Short web captions:
══════════════════════════════

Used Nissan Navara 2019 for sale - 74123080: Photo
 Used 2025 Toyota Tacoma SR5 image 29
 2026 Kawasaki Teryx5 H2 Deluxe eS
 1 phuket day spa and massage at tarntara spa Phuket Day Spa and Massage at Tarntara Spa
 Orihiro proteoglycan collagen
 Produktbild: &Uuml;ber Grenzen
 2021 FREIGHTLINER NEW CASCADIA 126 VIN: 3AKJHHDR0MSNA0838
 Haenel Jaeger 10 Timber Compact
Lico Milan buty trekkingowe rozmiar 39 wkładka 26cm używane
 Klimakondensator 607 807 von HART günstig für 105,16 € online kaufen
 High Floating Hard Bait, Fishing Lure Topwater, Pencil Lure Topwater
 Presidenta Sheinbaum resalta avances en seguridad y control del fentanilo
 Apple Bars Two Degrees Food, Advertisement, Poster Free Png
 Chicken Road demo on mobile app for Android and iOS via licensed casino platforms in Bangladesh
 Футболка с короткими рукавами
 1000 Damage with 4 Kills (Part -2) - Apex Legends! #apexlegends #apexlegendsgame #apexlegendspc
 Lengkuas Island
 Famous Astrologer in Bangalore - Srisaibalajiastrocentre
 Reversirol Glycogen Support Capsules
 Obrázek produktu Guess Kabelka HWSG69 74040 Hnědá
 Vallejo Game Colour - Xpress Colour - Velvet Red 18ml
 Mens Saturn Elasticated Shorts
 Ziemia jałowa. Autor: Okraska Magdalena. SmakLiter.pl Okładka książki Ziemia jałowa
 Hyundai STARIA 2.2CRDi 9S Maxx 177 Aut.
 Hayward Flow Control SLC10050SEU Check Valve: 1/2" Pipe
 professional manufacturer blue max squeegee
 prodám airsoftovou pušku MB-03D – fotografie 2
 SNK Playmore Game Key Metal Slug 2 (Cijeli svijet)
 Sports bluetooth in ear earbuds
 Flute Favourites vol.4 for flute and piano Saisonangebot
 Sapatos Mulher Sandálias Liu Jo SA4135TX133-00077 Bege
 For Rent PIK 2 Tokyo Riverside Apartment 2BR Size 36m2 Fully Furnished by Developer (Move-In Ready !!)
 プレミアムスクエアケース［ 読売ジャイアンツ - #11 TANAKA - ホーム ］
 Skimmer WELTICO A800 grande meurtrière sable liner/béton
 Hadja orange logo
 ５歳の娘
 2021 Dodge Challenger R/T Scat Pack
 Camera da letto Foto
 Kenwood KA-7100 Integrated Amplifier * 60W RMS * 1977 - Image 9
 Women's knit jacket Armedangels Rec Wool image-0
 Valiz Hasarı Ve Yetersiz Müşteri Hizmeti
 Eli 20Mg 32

══════════════════════════════

Problem description -> Copy out each line of the records character for character.

Solution ->
Used Nissan Navara 2019 for sale - 74123080: Photo
 Used 2025 Toyota Tacoma SR5 image 29
 2026 Kawasaki Teryx5 H2 Deluxe eS
 1 phuket day spa and massage at tarntara spa Phuket Day Spa and Massage at Tarntara Spa
 Orihiro proteoglycan collagen
 Produktbild: &Uuml;ber Grenzen
 2021 FREIGHTLINER NEW CASCADIA 126 VIN: 3AKJHHDR0MSNA0838
 Haenel Jaeger 10 Timber Compact
Lico Milan buty trekkingowe rozmiar 39 wkładka 26cm używane
 Klimakondensator 607 807 von HART günstig für 105,16 € online kaufen
 High Floating Hard Bait, Fishing Lure Topwater, Pencil Lure Topwater
 Presidenta Sheinbaum resalta avances en seguridad y control del fentanilo
 Apple Bars Two Degrees Food, Advertisement, Poster Free Png
 Chicken Road demo on mobile app for Android and iOS via licensed casino platforms in Bangladesh
 Футболка с короткими рукавами
 1000 Damage with 4 Kills (Part -2) - Apex Legends! #apexlegends #apexlegendsgame #apexlegendspc
 Lengkuas Island
 Famous Astrologer in Bangalore - Srisaibalajiastrocentre
 Reversirol Glycogen Support Capsules
 Obrázek produktu Guess Kabelka HWSG69 74040 Hnědá
 Vallejo Game Colour - Xpress Colour - Velvet Red 18ml
 Mens Saturn Elasticated Shorts
 Ziemia jałowa. Autor: Okraska Magdalena. SmakLiter.pl Okładka książki Ziemia jałowa
 Hyundai STARIA 2.2CRDi 9S Maxx 177 Aut.
 Hayward Flow Control SLC10050SEU Check Valve: 1/2" Pipe
 professional manufacturer blue max squeegee
 prodám airsoftovou pušku MB-03D – fotografie 2
 SNK Playmore Game Key Metal Slug 2 (Cijeli svijet)
 Sports bluetooth in ear earbuds
 Flute Favourites vol.4 for flute and piano Saisonangebot
 Sapatos Mulher Sandálias Liu Jo SA4135TX133-00077 Bege
 For Rent PIK 2 Tokyo Riverside Apartment 2BR Size 36m2 Fully Furnished by Developer (Move-In Ready !!)
 プレミアムスクエアケース［ 読売ジャイアンツ - #11 TANAKA - ホーム ］
 Skimmer WELTICO A800 grande meurtrière sable liner/béton
 Hadja orange logo
 ５歳の娘
 2021 Dodge Challenger R/T Scat Pack
 Camera da letto Foto
 Kenwood KA-7100 Integrated Amplifier * 60W RMS * 1977 - Image 9
 Women's knit jacket Armedangels Rec Wool image-0
 Valiz Hasarı Ve Yetersiz Müşteri Hizmeti
 Eli 20Mg 32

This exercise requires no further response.